さて、従来から AE-1の特徴でもあったシャッター優先AEモード(Tv)に、Canon A-1で注目を浴びたプログラムAE(P)モードを加えた形になっています。あとは絞り込み実絞りAE、スピードライトAEを加え4モードAE機としたのがAE-1 Program (以後AE-1Pと称します)の最も大きな特徴でした。
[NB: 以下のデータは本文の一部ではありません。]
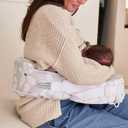 My Brest Friend Original Nursing Pillow Enhanced Ergonomics Essential Breastfeeding Pillow Support for Mom & Baby W/Convenient Side Pocket, Double Straps & Slipcover, Platinum Posies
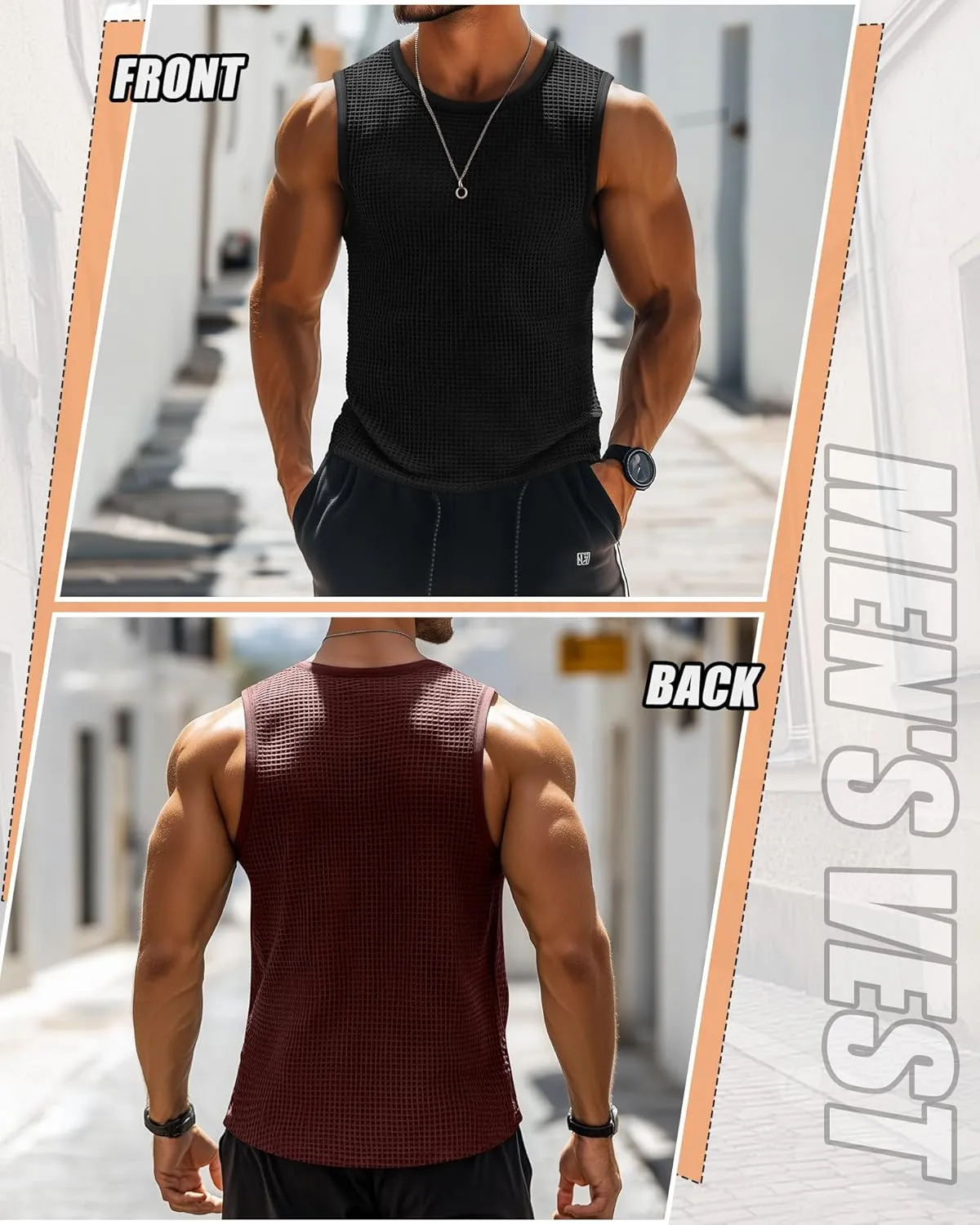 Riyiper 3 Pack Mens Big and Tall Tank Tops Waffle Knit Casual Sleeveless Shirts Plus Size Summer Muscle Tees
AE-1Pを語るとき、誰もが「これはAE-1後継というよりA-1のローコストモデルだ」と表現しますが、確かにプラットホームの原型を考えるとき、AE-1PはAE-1後継のために A-1から派生させて開発されたモデルだと思わざるを得ません。もちろん A-1同様完全デジタル設計で、マイクロコンピュータによる制御を基本としていますので、A-1に比べるとソフトウェアにもたいぶ改良の手が加えられていたと思います。マイクロコンピュータ自身も当時は日進月歩で改良され、性能面だけでなく低消費電力化についても改善されていました。
初代AE-1から5年が経過する中で、世の中の景気も順調に伸び、大学初任給は1.28倍になっていました。でも定価の方も同じFD50mm F1.4付きで比べるとAE-1Pではおよそ15%の値上げとなっていました。それでも大卒初任給よりも安くなり、一眼レフカメラは庶民に手の届く存在となったことに間違いありません。
そうした中で、このAE-1Pは再び市場から歓迎され、初代AE-1に匹敵する(もしくは上回るほどの)出荷台数となりました。AE-1と併せると、なんと850万台近くの累計出荷台数となり、これはカメラ史上でも類を見ないほどの大ヒット作だったことがわかります。